The new model also is the first Acadia with rear-passenger alert, which reminds drivers when they turn off the vehicle to not forget children or pets who might be in the two rows of back seats.

The federal government said the resized 2017 Acadia with all-wheel drive earned an overall five out of five stars in federal government crash tests. But the 2017 Acadia with front-wheel drive earned four stars overall.

Perhaps most notable for car shoppers is the new starting manufacturer’s suggested retail price of $29,995. This is for a front-wheel drive, 2017 Acadia SL with four-cylinder engine and a six-speed automatic transmission. It is $1,905 less than the starting retail price for a 2016 Acadia.

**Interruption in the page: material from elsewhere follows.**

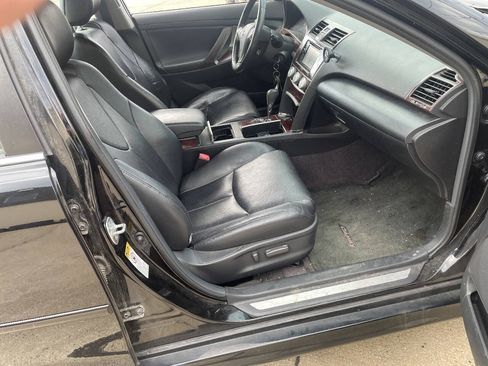 Used 2011 Toyota Camry SE w/ Sport Leather Pkg FWD image 4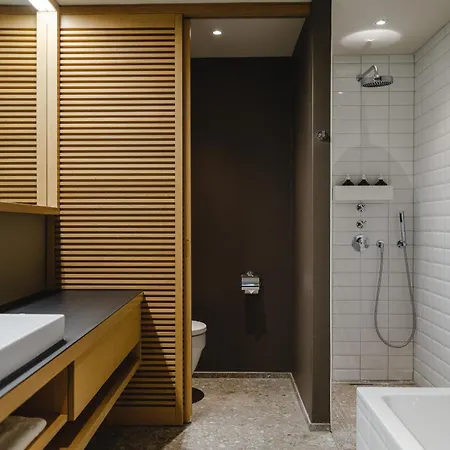 Hotell Nomad By Cervo Mountain 4*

The lowest starting retail price for a 2017 Acadia with all-wheel drive is $34,375 for an SLE-1 model with a four-cylinder engine.

The lowest-priced 2017 Acadia with the 310-horsepower V-6 is a starting MSRP, including destination charge, of $37,090 for an SLE-2 model.

Every Acadia includes standard three-zone automatic climate control; keyless remote entry; push-button start; rearview camera; Bluetooth hands-free phone connectivity; and a display screen that’s at least 7 inches in size in the middle of the dashboard. And this year’s Acadia is Android Auto and Apple CarPlay ready for the first time.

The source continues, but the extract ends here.